Documentation: datasette.readthedocs.io

Updates on my blog: simonwillison.net/tags/datasette/

FiveThirtyEight article: We Researched Hundreds Of Races. Here’s Who Democrats Are Nominating.

Let's start with an example. FiveThirtyEight publish a large number of high quality data journalism articles.

Recent example: We Researched Hundreds Of Races. Here’s Who Democrats Are Nominating.

Same FiveThirtyEight article - an arrow highlights the Get the data on GitHub link

And they have a link... Get the data on GitHub

A FiveThirtyEight CSV file on GitHub

The fivethirtyeight/data repository on GitHub is an incredible collection of over 400 CSV files containing the data behind their stories.

A screenshot of the corresponding table in Datasette

I have a daily Travis CI job which grabs their repository, converts the CSV files to SQLite and deploys them to a Datasette instance running at fivethirtyeight.datasettes.com.

Here's the data from that story.

Datasette's faceted browse interface

One of the most interesting features of Datasette is its ability to add faceted browse to any table.

Here I'm faceting the candidates by state, office_type, won_primary, primary_status and Race

Some handy features: Filtering and faceting, Custom SQL queries, JSON API to everything, Export table (or query results) as CSV

I also demonstrated the ability to apply fiters, export the data as JSON or CSV and execute custom SQL queries (the results of which can also be exported).

The secret sauce is SQLite. Small, fast, ubiquitous. A database is a single file. Doesn't scale well for writes... but who cares if your data is read-only? Ship your data and code in the same container!

SQLite is an incredibly embedded database library.

It runs basically everywhere. It's in my watch, on my phone, on my loptop, embedded in a huge variety of applications.

It has a bunch of interesting characteristics which Datasette takes full advantage of.

pip install datasette - Python 3 only

You can install the Datasette command-line utility from PyPI.

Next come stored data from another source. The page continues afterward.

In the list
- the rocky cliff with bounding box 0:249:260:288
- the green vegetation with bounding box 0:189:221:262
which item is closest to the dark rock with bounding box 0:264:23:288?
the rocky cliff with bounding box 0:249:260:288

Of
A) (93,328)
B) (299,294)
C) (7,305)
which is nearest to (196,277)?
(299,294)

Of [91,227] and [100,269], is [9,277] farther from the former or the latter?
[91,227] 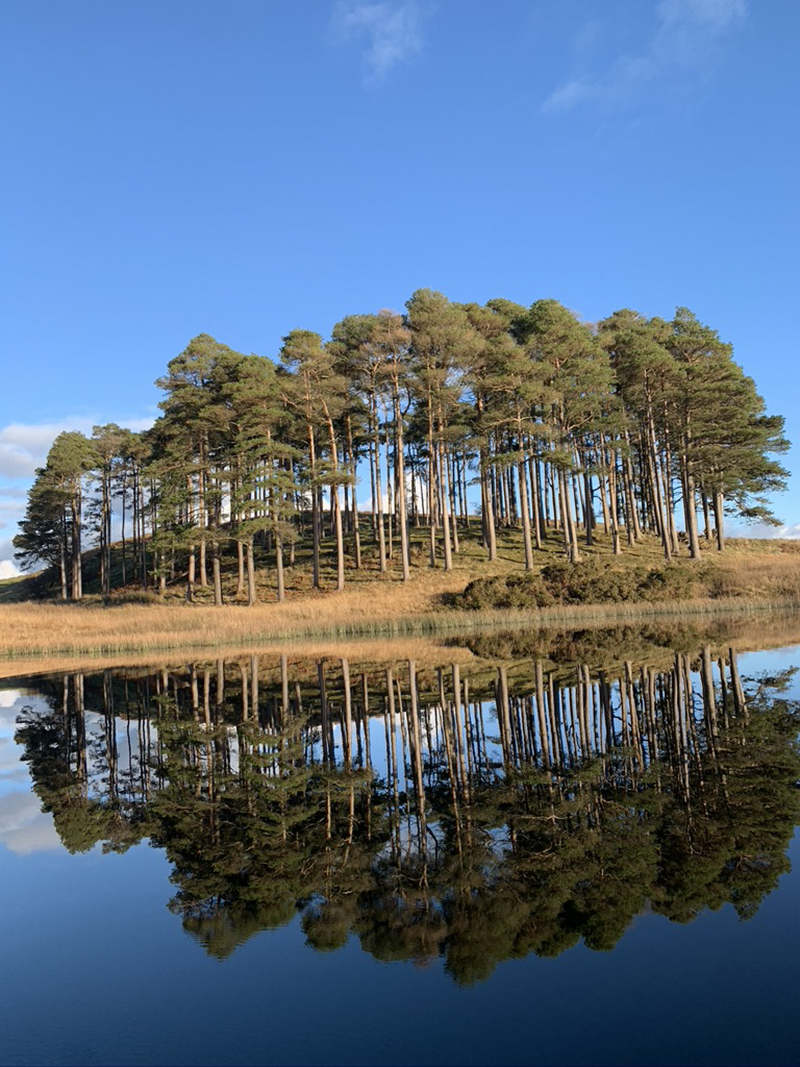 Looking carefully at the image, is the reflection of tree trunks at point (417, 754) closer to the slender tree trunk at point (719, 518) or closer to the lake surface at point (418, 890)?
the lake surface at point (418, 890)

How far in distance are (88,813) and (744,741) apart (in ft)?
28.7

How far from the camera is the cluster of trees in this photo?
41.0 meters

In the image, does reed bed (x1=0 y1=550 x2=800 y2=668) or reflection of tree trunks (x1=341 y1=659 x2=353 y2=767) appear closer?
reflection of tree trunks (x1=341 y1=659 x2=353 y2=767)

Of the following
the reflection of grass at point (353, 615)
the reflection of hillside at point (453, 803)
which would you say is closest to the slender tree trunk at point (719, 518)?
the reflection of grass at point (353, 615)

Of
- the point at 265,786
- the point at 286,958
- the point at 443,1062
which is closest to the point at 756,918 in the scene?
the point at 443,1062

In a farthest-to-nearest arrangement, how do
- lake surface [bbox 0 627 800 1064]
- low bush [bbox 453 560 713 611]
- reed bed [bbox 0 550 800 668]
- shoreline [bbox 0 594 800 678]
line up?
1. low bush [bbox 453 560 713 611]
2. reed bed [bbox 0 550 800 668]
3. shoreline [bbox 0 594 800 678]
4. lake surface [bbox 0 627 800 1064]

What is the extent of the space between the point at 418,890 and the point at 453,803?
246cm

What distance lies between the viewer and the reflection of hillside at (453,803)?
5633 mm

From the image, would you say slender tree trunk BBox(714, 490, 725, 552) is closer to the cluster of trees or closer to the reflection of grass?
the cluster of trees

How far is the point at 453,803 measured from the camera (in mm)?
8375

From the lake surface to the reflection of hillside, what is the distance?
35mm

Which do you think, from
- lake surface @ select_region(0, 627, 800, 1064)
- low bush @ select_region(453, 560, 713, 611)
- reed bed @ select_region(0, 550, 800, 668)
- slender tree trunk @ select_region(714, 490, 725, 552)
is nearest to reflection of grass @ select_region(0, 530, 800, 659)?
reed bed @ select_region(0, 550, 800, 668)

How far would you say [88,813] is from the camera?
9.48m

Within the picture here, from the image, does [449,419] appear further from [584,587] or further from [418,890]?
[418,890] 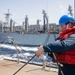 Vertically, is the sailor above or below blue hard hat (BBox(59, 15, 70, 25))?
below

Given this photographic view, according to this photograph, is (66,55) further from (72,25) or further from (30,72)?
(30,72)

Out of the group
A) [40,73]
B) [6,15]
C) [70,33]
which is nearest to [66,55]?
[70,33]

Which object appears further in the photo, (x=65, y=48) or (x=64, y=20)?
(x=64, y=20)

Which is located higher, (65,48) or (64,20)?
(64,20)

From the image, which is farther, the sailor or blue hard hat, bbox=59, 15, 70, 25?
blue hard hat, bbox=59, 15, 70, 25

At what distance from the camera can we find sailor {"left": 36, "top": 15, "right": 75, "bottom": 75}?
2.29 meters

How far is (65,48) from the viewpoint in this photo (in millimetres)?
2297

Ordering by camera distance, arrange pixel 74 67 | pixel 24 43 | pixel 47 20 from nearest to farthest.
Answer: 1. pixel 74 67
2. pixel 24 43
3. pixel 47 20

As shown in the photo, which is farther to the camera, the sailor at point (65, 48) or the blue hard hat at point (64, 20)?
the blue hard hat at point (64, 20)

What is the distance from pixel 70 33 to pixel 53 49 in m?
0.27

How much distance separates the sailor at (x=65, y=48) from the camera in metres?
2.29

find ~/Library -iname '*.sqlite*'

I said SQLite was ubiquitous: let's prove it.

Run find ~/Library -iname '*.sqlite*' to see some of the SQLite databases that applications have created on your OS X laptop.

I get several hundred! Firefox, Chrome and Safari all use SQLite for bookmarks and history, and applications that use it include Evernote, 1Password and many others.

find ~/Library -iname '*.sqlite*' -type f -exec du -h {} + | sort -r -h

find ~/Library -iname '*.sqlite*' -type f -exec du -h {} + | sort -r -h

This command sorts those database files by the largest first. On my machine, the largest SQLite database is:

49M /Users/simonw/Library/Containers/com.apple.photoanalysisd/Data/Library/Caches/CLSBusinessCategoryCache.sqlite

CLSBusinessCategoryCache.sqlite?

I ran datasette against this file and showed how it allowed me to explore it via https://127.0.0.1:8001/

datasette /Users/simonw/Library/Containers/com.apple.photoanalysisd/Data/Library/Caches/CLSBusinessCategoryCache.sqlite

Since I had the datasette-cluster-map plugin installed I could run the custom SQL query select *, zlatitude as latitude, zlongitude as longitude from ZENTRY to see everywhere I have been in the past few years rendered on a map.

Creating SQLite databases

So that's how to explore an existing SQLite database... but how can we go about creating them?

csvs-to-sqlite

csvs-to-sqlite is a simple command-line tool I wrote which converts CSV files into a SQLite database (using Pandas under the hood).

But where can we get interesting CSV data?

Screenshot of opendatainception.io - a map of 2,600 open data portals

It turns out that the worldwide campaign for more open data and transparency in government has worked beyond our wildest dreams.

This website lists over 2,600 open data portals run by local governments around the world!

Screenshot of the San Francisco Data Portal

San Francisco's open data portal is at datasf.org. It has 469 datasets!

Here's a recent example (updated in May): it's a list of all of the buildings and facilities owned by the city.

csvs-to-sqlite City_Facilities.csv facilities.db

I exported the data as CSV and used csvs-to-sqlite to convert it into a SQLite database:

csvs-to-sqlite City_Facilities.csv facilities.db

Then I used Datasette to browse the file locally:

datasette facilities.db

datasette publish now facilities.db

How can we publish it to the internet?

The datasette publish subcommand (documented here) knows how to upload a database to a hosting platform and configure Datasette to run against that file.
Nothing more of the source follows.